Among the entries below, one line contains "Women’s Large Full" and another contains "Bass Vintage Women's". Transcribe those two lines and every line between them, exactly.

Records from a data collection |

--- START ---

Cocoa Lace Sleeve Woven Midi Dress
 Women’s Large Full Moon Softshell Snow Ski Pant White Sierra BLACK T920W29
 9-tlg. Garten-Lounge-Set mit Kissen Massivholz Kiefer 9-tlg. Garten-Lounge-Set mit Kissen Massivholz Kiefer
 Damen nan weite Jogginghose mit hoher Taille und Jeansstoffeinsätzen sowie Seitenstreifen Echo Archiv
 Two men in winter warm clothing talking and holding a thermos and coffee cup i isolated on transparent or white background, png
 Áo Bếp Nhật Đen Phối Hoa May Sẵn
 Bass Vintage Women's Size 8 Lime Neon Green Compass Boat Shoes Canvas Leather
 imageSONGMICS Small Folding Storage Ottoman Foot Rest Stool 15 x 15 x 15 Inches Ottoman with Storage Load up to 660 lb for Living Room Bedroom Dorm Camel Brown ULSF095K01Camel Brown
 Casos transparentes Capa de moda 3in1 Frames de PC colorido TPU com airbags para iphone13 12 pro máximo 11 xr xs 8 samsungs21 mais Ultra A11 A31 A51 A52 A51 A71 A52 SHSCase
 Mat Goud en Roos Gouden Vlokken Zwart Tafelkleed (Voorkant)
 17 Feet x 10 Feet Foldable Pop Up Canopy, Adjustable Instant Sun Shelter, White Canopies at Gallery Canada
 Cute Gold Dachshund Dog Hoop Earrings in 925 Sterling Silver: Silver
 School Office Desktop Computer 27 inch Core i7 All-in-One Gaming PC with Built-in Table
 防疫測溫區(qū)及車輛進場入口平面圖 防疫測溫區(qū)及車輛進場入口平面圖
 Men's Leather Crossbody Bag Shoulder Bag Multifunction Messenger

--- END ---

Exercise solution |
 Women’s Large Full Moon Softshell Snow Ski Pant White Sierra BLACK T920W29
 9-tlg. Garten-Lounge-Set mit Kissen Massivholz Kiefer 9-tlg. Garten-Lounge-Set mit Kissen Massivholz Kiefer
 Damen nan weite Jogginghose mit hoher Taille und Jeansstoffeinsätzen sowie Seitenstreifen Echo Archiv
 Two men in winter warm clothing talking and holding a thermos and coffee cup i isolated on transparent or white background, png
 Áo Bếp Nhật Đen Phối Hoa May Sẵn
 Bass Vintage Women's Size 8 Lime Neon Green Compass Boat Shoes Canvas Leather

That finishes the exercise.